A good pattern to use when you write an assignment operator is to first copy the right-hand operand into a local temporary. After the copy is done, it is safe to destroy the existing members of the left-hand operand. Once the lefthand operand is destroyed, copy the data from the temporary into the members of the left-hand operand.
To illustrate the importance of guarding against self-assignment, consider what would happen if we wrote the assignment operator as
// WRONG way to write an assignment operator! HasPtr& HasPtr::operator=(const HasPtr &rhs) { delete ps; // frees the string to which this object points // if rhs and *this are the same object, we're copying from deleted memory! ps = new string(*(rhs.ps)); i = rhs.i; return *this; }
It is crucially important for assignment operators to work correctly, even when an object is assigned to itself. A good way to do so is to copy the right-hand operand before destroying the left-hand operand.

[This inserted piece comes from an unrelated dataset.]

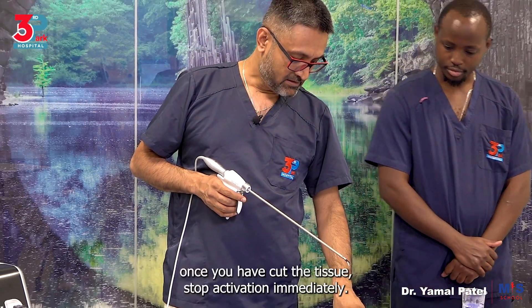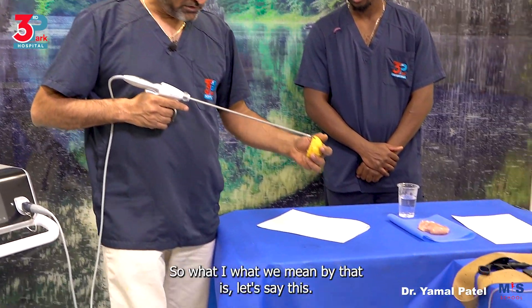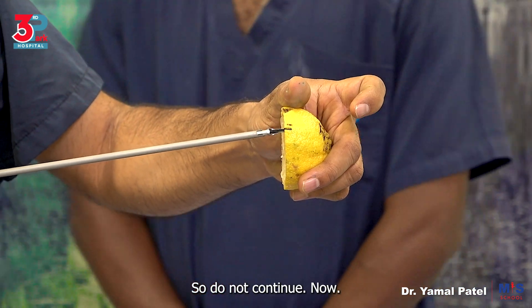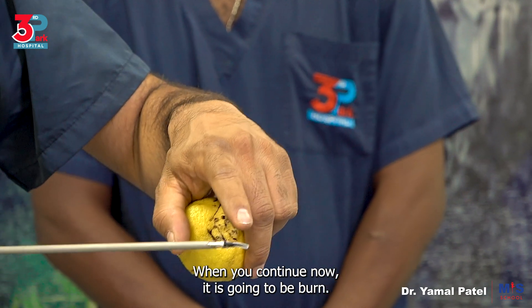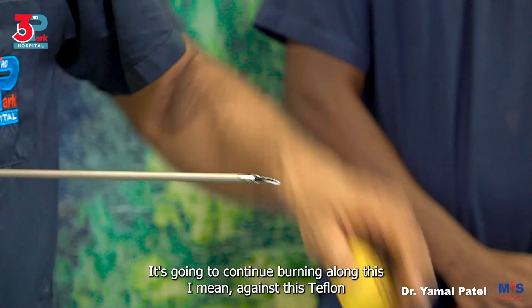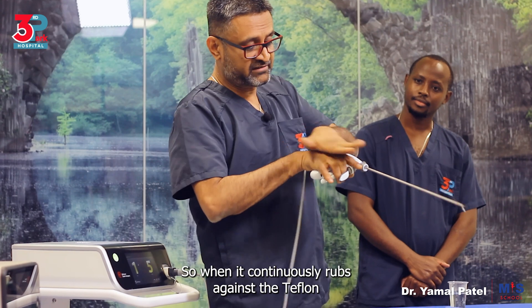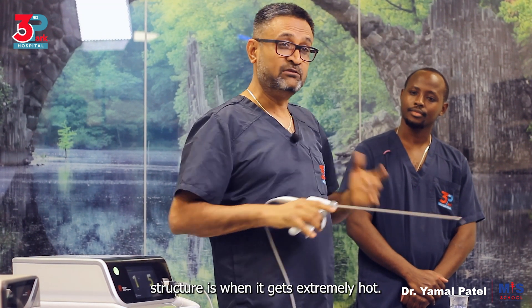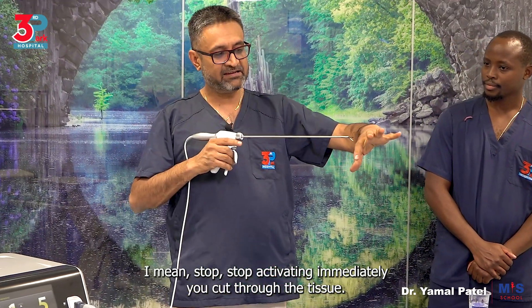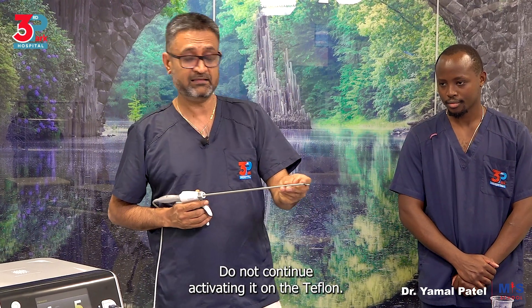Once you have cut the tissue, stop activation immediately — do not continue. What we mean by that is: once it has cut through, do not continue activating. When you continue, it is going to burn and continue burning against the Teflon structure. When it continuously rubs against the Teflon structure is when it gets extremely hot. So stop activating immediately once you've cut through the tissue — do not continue activating it on the Teflon.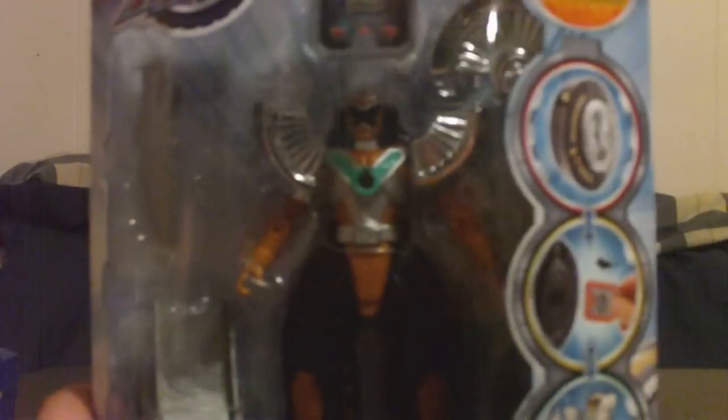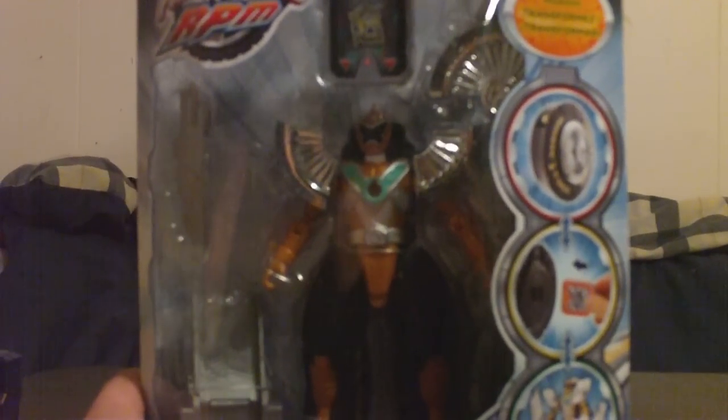It shows you how to use the base to launch it, and it just goes through the steps and how to unlock it with the engine cell. The sign says Racing Performance Machines in different languages. And that is basically the packaging, so let me get this out and show you what it all is.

How does reference counting work
Reference counting works as follows:
• In addition to initializing the object, each constructor (other than the copy constructor) creates a counter. This counter will keep track of how many objects share state with the object we are creating. When we create an object, there is only one such object, so we initialize the counter to 1.
• The copy constructor does not allocate a new counter; instead, it copies the data members of its given object, including the counter. The copy constructor increments this shared counter, indicating that there is another user of that object’s state.
• The destructor decrements the counter, indicating that there is one less user of the shared state. If the count goes to zero, the destructor deletes that state.
• The copy-assignment operator increments the right-hand operand’s counter and decrements the counter of the left-hand operand. If the counter for the left-hand operand goes to zero, there are no more users. In this case, the copyassignment operator must destroy the state of the left-hand operand.